Según la Constitución, el Parlamento tiene varias funciones, como la potestad legislativa, aprobar presupuestos o controlar la acción de un Gobierno que responde "¡Ayuso!" a cualquier pregunta. Y a la vista está que no pueden ejercer ninguna de ellas. Ni podrán hacerlo mientras el "equilibrio político" dependa de los desequilibrados de los que depende. Ni siquiera Yolanda parece capaz de controlar a Sumar, si es que eso existe. Se le transfugan los de Podemos, más preocupados ahora por garantizar el suministro de cerveza en Garibaldi que la estabilidad del Gobierno del que ya no forman parte. Se le cruzan a Colau los cables de la venganza contra Collboni y funde los fusibles del gobierno catalán. Y hasta los de Compromís amenazan con mandarlo todo a la mierda si sigue adelante la ampliación del Puerto de Valencia, que Sánchez se comprometió a paralizar a cambio de los votos de los de Baldoví para su investidura. Es lo que tiene fiarse de las promesas de según quién.
Yolanda ha demostrado ser esa persona de confianza con la que "es un gustazo gobernar", como dijo Sánchez en la sesión de investidura. Otros la calificaban como la gran promesa de la izquierda o la mujer llamada a ser presidenta. De su actual irrelevancia no hay mejor ejemplo que verla ofrecer, por fin esta semana, los datos de los fijos discontinuos que no trabajan, y que los propios sindicatos sitúan por encima del medio millón. Cincuenta y pico mil dijo, citando unos datos del INE que no existen. Pero lo más notable es que ya nadie le hace ni caso y que sus extravagancias pasan totalmente desapercibidas.
Así que se ha abierto, que duda cabe, una etapa histórica en nuestro país, que ya puede presumir de tener un gobierno que no gobierna, un poder legislativo que no legisla y un poder judicial al que se acosa y al que se le impide juzgar. Un país en el que la necesidad de Sánchez echa virtud ha convertido a un fugado de la justicia tras dar un golpe de estado y malversar fondos públicos, que hasta el 22 de julio era prescindible carne de meme, en profeta del independentismo resucitado y en el árbitro a cuyas decisiones deben someterse todas y cada una de las iniciativas que este gobierno quiera poner en marcha.
Hasta el presidente de Cataluña y de ERC, que ya reclama la soberanía fiscal como paso previo a la soberanía política y a la independencia, quiere ahora erigirse también en árbitro de la gestión económica del resto de las comunidades autónomas de España, siempre con permiso del PNV, que no parece muy contento con los sueños húmedos del pequeño president con ocho apellidos catalanes. Aragonés i Garcia aspira a convertirse en una especie de hombre de negro de la Troika para decidir si el resto de las regiones españolas son dignas de recibir la solidaridad de Cataluña, eso sí, sólo hasta que sean independientes.

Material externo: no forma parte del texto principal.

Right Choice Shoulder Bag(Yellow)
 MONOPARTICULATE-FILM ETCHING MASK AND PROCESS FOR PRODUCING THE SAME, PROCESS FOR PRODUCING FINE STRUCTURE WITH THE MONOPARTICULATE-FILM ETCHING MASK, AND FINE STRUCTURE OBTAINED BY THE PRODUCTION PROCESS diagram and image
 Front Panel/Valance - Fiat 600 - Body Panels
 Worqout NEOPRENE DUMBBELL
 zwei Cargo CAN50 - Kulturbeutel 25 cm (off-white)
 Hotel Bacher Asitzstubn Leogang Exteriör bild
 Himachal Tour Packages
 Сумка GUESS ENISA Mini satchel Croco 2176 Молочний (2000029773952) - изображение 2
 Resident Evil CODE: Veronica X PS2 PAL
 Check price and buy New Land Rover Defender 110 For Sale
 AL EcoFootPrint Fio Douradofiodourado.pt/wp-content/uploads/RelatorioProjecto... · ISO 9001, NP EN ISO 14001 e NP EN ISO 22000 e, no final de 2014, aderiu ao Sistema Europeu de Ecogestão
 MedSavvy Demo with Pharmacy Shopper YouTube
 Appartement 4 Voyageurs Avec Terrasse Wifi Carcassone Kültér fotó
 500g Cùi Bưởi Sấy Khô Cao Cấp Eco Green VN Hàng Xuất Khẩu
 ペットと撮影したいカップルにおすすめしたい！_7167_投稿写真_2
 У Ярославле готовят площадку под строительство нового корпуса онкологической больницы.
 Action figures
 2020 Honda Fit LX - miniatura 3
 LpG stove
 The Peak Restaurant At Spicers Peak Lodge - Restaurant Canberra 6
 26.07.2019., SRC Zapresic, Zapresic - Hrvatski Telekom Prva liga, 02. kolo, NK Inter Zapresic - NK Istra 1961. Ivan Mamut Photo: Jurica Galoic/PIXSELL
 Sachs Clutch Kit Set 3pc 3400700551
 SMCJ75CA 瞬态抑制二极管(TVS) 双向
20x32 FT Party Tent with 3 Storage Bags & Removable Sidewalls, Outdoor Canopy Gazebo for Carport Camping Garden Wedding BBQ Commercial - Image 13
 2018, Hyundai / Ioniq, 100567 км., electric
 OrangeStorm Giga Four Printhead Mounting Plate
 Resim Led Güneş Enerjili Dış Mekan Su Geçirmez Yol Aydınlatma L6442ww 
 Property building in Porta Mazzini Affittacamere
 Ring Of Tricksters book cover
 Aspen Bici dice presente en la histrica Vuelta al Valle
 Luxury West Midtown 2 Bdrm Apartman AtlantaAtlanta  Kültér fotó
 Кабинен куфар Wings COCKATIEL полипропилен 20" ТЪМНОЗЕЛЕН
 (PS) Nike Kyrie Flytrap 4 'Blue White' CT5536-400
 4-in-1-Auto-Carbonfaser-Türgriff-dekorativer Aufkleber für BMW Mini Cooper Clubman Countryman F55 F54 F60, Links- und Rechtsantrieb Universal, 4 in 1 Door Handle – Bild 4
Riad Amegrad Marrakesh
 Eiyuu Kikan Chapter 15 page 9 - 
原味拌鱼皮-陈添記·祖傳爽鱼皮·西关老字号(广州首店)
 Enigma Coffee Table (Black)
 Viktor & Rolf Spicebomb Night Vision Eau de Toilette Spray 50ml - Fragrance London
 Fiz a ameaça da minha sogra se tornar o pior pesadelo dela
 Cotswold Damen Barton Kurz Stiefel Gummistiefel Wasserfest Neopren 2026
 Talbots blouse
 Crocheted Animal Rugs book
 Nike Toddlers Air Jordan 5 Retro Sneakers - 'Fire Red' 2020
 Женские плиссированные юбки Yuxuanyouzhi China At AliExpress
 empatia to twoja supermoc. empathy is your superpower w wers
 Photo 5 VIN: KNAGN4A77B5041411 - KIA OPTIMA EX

Y mientras tanto, Puigdemont anuncia que será candidato en unas elecciones que seguramente ganará un Salvador Illa que no podrá gobernar, porque eso incomodaría mucho a los socios de su jefe. Y todos sabemos que, aunque ya no mande en España, lo sigue haciendo y con puño de hierro en lo que en su día fue el Partido Socialista, ese que ahora ha situado a García Page en la periferia. Es el comienzo de una etapa histórica para España. Sólo nos queda poder disfrutarla tanto como Bolaños.